Mia figlia andava a passare un week end da Leo e questo succedeva una volta ogni 2, 3 mesi; quella domenica c’era il Gran Premio… e la nuova passione di Leo. Con lui guarda le corse e fa il tifo per Max Biaggi che, puntualmente, vince.

La domenica sera Leo la riporta a casa e quella volta Maia stringeva un modellino della moto di “Max”. Casa mia era piena di modellini di moto e non ci aveva mai giocato, a lei piacevano tanto i tegamini… quella sera comincia a parlarmi della differenza che c’era tra un motore a due tempi e uno a quattro tempi, mi parlava di carburatori e di marmitte; io in un certo senso avrei dovuto esserne contento ma poi mi dico: “Sono 10 anni che sei in mezzo a questo mondo e non te ne è fregato mai niente! Passi due giorni, dico, due giorni con Leo e te ne torni a casa che mi sembri essere diventata il meccanico di Max Biaggi.”

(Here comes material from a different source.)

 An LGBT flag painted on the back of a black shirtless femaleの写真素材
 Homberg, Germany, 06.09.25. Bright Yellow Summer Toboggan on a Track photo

Ricordo quel giorno come se fosse stato ieri, mi sono sentito inutile, stupido e tradito. Io le voglio bene come se fosse mia figlia ed è l’unica persona assieme a Naomi per la quale sarei disposto a dare la mia stessa vita, io so che lei è mia figlia ma so anche che io non sarò mai suo padre.

Mentre sto scrivendo questo racconto le sensazioni che provo sono ancora così forti che a stento trattengo le lacrime, complice sicuramente la musica che sto ascoltando, una canzone che si intitola “Solo per te”.

Maia, Naomi, il vostro babbo vi ama.